St Andrew's is part of the Scottish Episcopal Church, a member of the world-wide Anglican Communion which traces its history back to St Columba and the early days of Christianity in Scotland. Like its sister-church south of the border, the Church of England, the Scottish Episcopal Church is governed by Bishops. This is one of the things that distinguishes it from the much larger Church of Scotland, a Presbyterian Church governed by representatives of the congregation.
This may not initially sound like a major difference, but it was King Charles I's efforts to impose government by Bishops on the Presbyterian Church of Scotland which led to a riot in St Giles' Cathedral in Edinburgh on Sunday 23 July 1637. This in turn led directly to the Bishops' Wars; the Wars of the Covenant; the English Civil War; the execution of Charles I; and Cromwell's occupation of Scotland: 23 years of wide-ranging conflict that did not really end until the restoration of Charles II in 1660. Those days are, thankfully, long gone, but it helps to know that differences of opinion about church governance were once, quite literally, a matter of life and death.

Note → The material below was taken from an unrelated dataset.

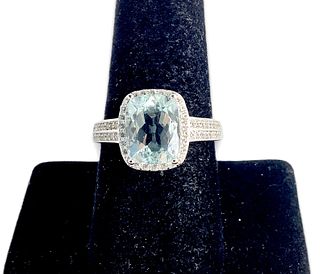 Aquamarine & Zircon Stone Ring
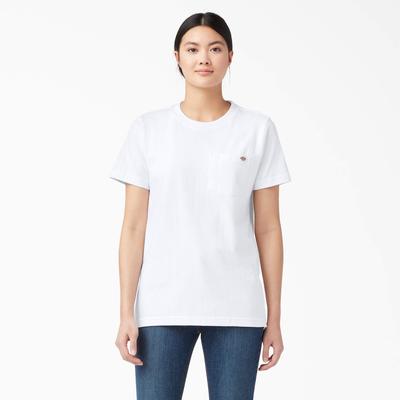 Dickies Women's Heavyweight Short Sleeve Pocket T-Shirt - White Size XS (FS450)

In the aftermath of the final defeat of the Jacobites at the Battle of Culloden in 1746, Episcopalians in the Highlands were often perceived to be supporters of the Jacobite cause, which led to their widespread suppression until 1792. It was 25 years later, in 1817, that the first Episcopal Church was erected in Fort William. The Rosse Chapel, named after the countess of Rosse, who had financed it, stood on the site now occupied by St Andrew's.
By the 1870s the chapel is recorded as being in a poor state or repair. It was a parishioner, George Baynton Davey, who paid for the chapel to be demolished and St Andrew's built in its place. The architect chosen was Alexander Ross of Inverness, better remembered for his work ten years earlier on Inverness Cathedral. St Andrew's was consecrated on 9 September 1880 by the Episcopalian Bishop of Argyll and the Isles, Dr. Mackarness.
The focal point of the church is the sanctuary, which is dominated by the altar, made from Caen stone like the font and the pulpit. The pillars featured within the arched design of the altar are made of Connemara marble. The bishop's seat on one side of the sanctuary is a reminder that the church was originally intended to serve as a cathedral, though this never happened. The choir stalls that line each side of the sanctuary are very striking: it is said that some 14th Century oak from Exeter Cathedral was used in their construction.